##### TASK DATA
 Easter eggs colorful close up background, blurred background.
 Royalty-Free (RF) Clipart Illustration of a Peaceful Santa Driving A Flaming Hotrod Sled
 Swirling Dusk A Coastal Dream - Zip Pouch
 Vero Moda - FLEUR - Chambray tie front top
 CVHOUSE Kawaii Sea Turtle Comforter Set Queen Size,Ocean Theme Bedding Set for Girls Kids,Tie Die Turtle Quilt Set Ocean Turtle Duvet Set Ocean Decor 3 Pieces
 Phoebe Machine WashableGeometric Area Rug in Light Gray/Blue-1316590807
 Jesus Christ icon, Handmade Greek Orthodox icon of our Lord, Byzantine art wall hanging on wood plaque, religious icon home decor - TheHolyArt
##########
##### TASK DATA
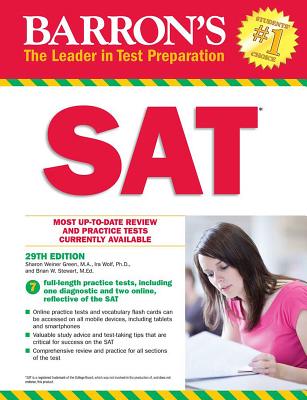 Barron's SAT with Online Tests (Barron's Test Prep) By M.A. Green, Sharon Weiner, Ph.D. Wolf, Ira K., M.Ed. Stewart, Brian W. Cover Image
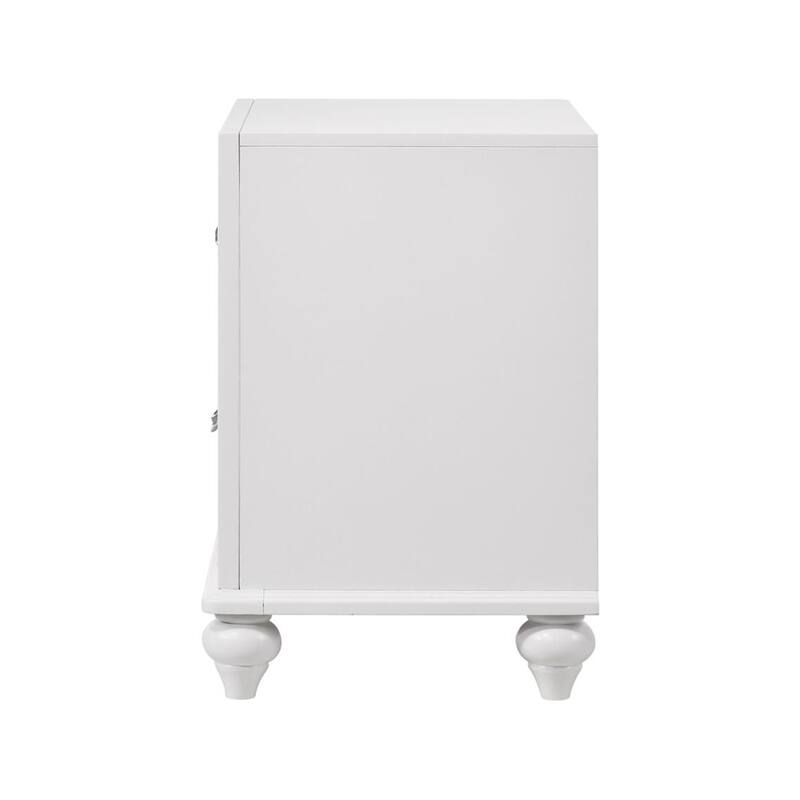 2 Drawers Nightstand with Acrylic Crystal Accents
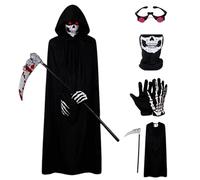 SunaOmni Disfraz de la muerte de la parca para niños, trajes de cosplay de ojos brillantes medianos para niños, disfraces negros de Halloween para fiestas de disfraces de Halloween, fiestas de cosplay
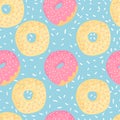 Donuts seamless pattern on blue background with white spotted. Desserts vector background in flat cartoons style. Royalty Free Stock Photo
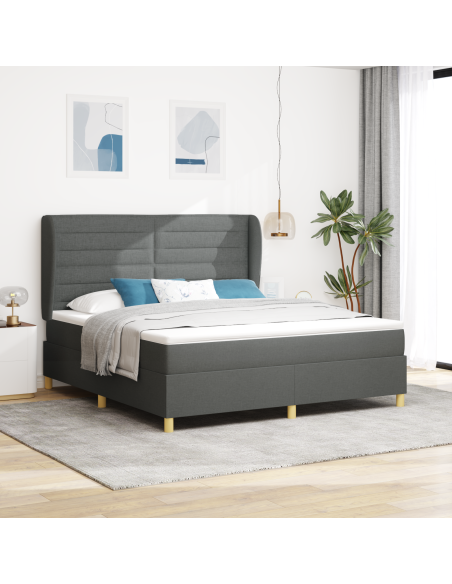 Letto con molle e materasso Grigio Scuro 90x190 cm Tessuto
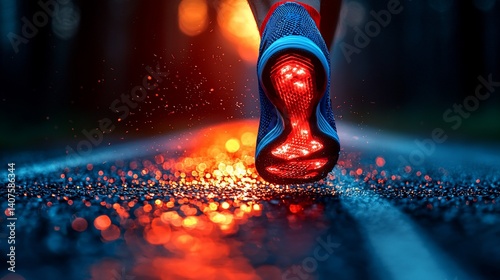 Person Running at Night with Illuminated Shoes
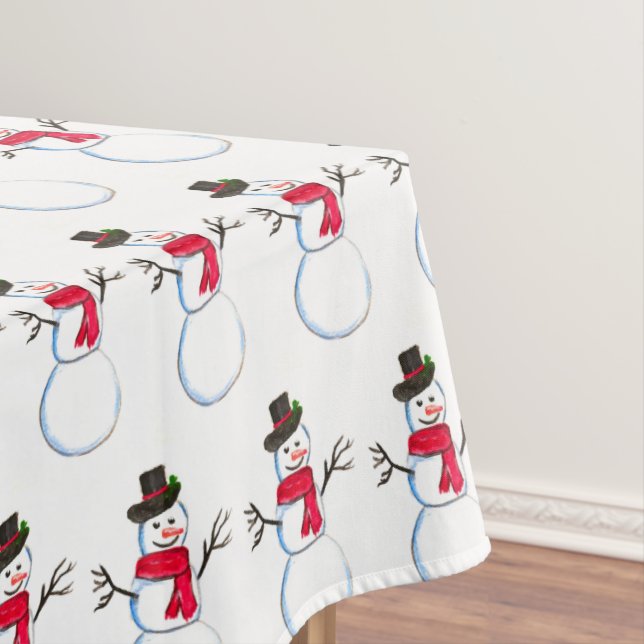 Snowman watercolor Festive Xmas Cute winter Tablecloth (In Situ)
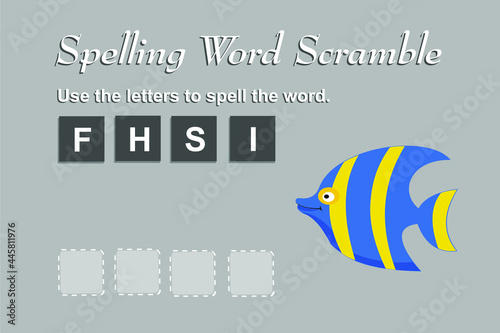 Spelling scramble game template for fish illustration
##########
##### TASK DATA
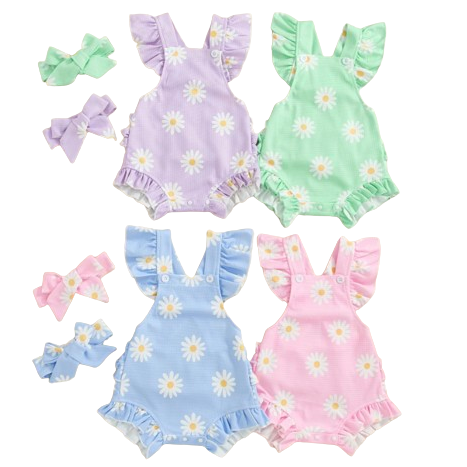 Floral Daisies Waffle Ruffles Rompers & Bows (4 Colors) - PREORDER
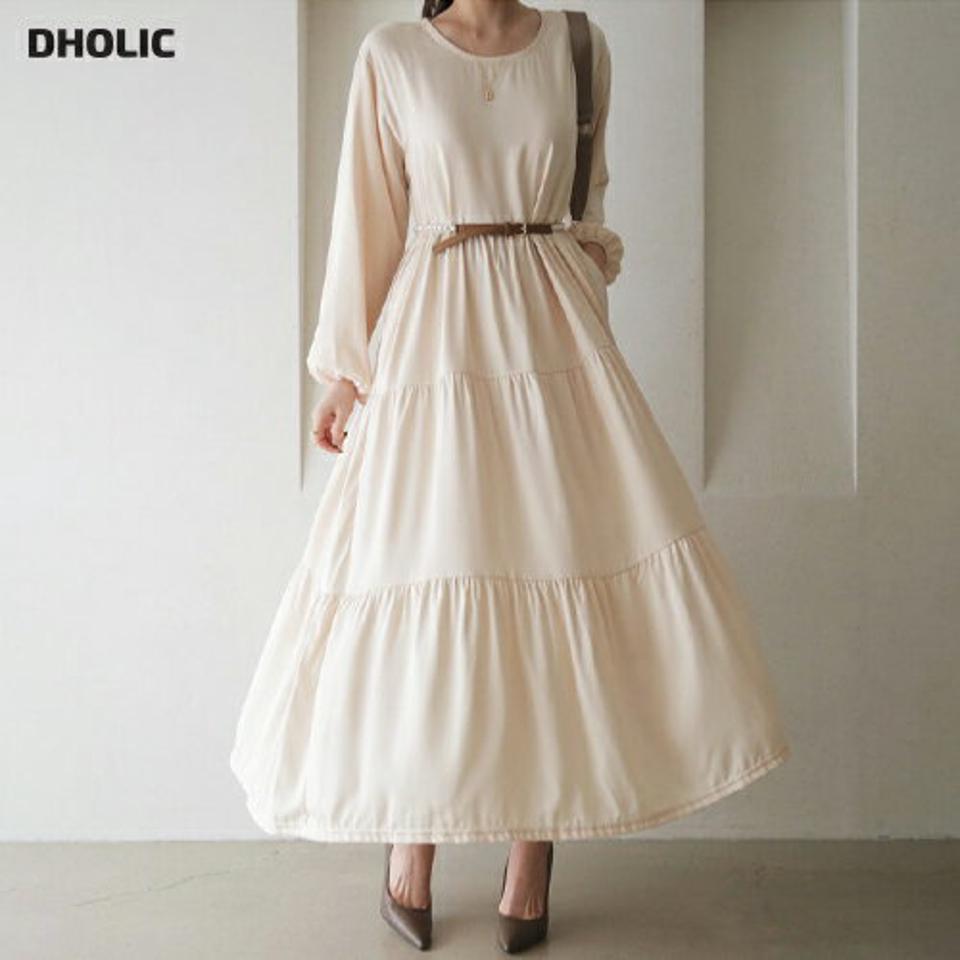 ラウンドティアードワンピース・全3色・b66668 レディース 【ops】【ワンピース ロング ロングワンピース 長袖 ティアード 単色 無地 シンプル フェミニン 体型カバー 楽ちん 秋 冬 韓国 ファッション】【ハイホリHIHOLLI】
##########
*WHAT IS NEEDED*: From the records above, copy only the lines running from the line containing "Person Running at" to the line containing "Spelling scramble game", both ends included. Leave the pictures out.

*EXERCISE OUTPUT*:
 Person Running at Night with Illuminated Shoes
 Snowman watercolor Festive Xmas Cute winter Tablecloth (In Situ)
 Spelling scramble game template for fish illustration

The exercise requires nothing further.